▶ [To do]
The reply must contain exactly the lines below from the one with "Similarly, if I" down to the one with "Let us divide", both included, and nothing more; please omit the pictures.

▶ [Data for this exercise]
#####

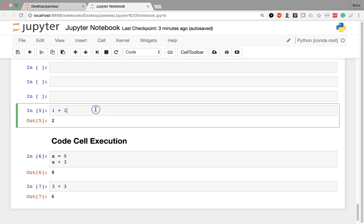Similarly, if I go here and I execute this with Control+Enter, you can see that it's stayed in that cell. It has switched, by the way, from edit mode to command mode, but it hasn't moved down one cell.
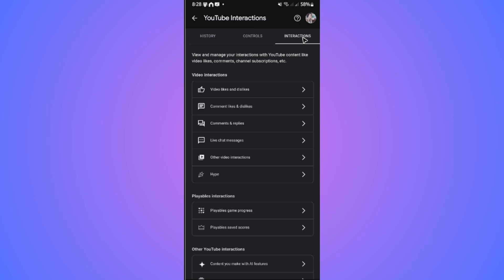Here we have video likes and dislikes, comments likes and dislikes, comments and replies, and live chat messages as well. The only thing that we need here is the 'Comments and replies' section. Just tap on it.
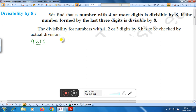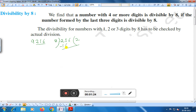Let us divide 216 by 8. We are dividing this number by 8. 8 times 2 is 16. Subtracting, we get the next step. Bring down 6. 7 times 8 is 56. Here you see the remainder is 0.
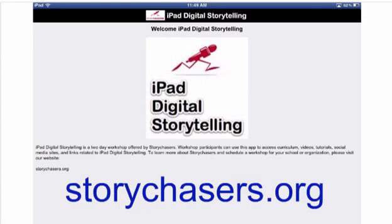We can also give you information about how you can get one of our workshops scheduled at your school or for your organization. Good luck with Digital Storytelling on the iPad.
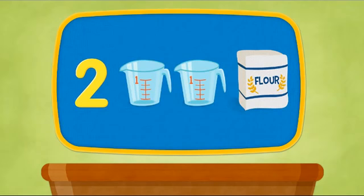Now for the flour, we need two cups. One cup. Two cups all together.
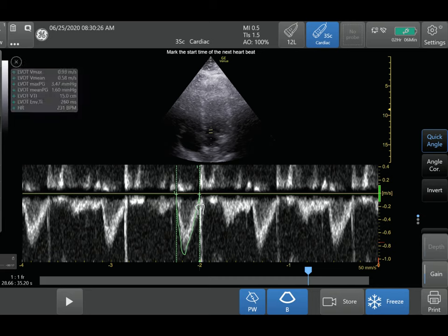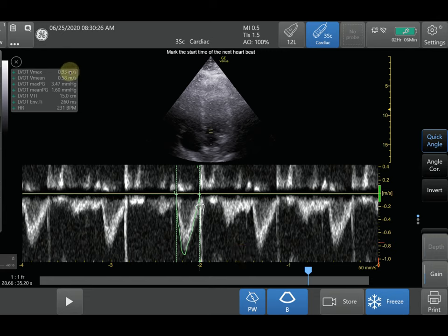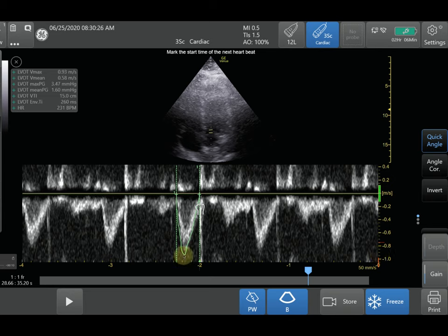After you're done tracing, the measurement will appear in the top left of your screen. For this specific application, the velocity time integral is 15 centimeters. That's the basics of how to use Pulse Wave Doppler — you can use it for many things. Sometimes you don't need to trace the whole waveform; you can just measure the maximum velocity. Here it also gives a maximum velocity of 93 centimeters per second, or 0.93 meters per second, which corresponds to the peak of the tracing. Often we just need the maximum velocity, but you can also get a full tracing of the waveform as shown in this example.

#####

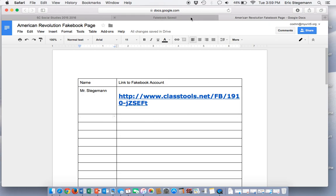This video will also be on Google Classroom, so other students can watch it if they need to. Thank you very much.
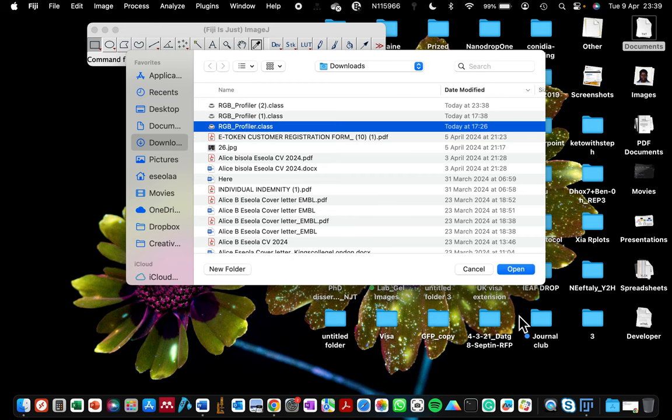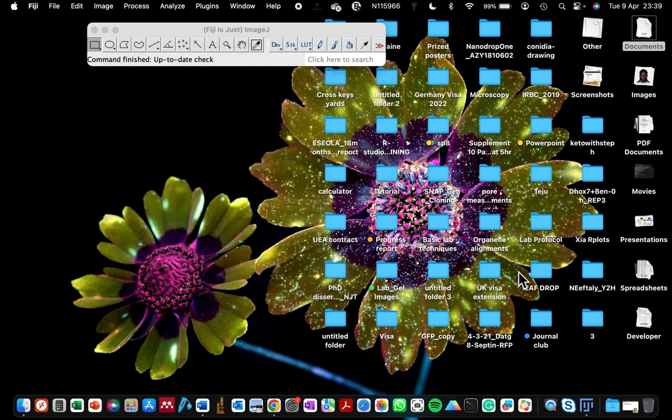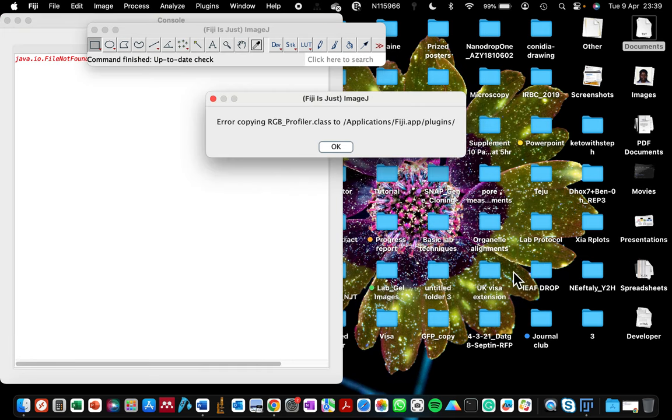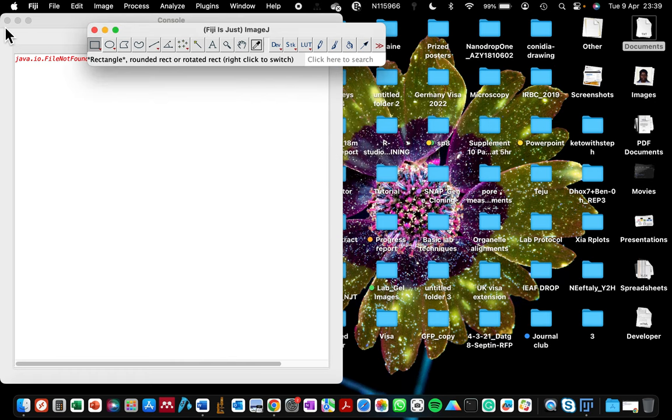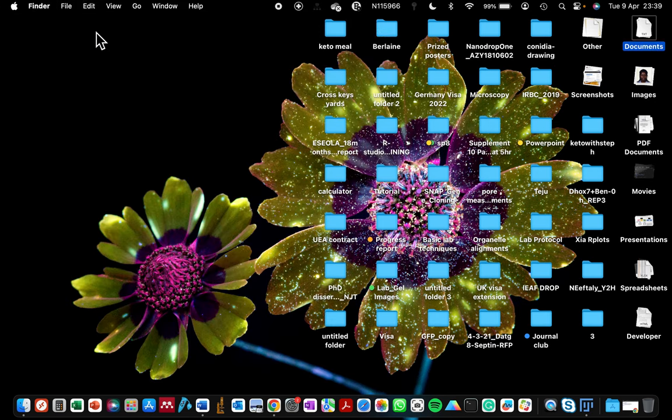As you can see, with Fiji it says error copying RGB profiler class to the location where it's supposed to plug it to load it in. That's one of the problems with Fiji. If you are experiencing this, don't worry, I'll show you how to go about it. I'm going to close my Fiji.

#####

▶ [Written response]
Similarly, if I go here and I execute this with Control+Enter, you can see that it's stayed in that cell. It has switched, by the way, from edit mode to command mode, but it hasn't moved down one cell.
Here we have video likes and dislikes, comments likes and dislikes, comments and replies, and live chat messages as well. The only thing that we need here is the 'Comments and replies' section. Just tap on it.
Let us divide 216 by 8. We are dividing this number by 8. 8 times 2 is 16. Subtracting, we get the next step. Bring down 6. 7 times 8 is 56. Here you see the remainder is 0.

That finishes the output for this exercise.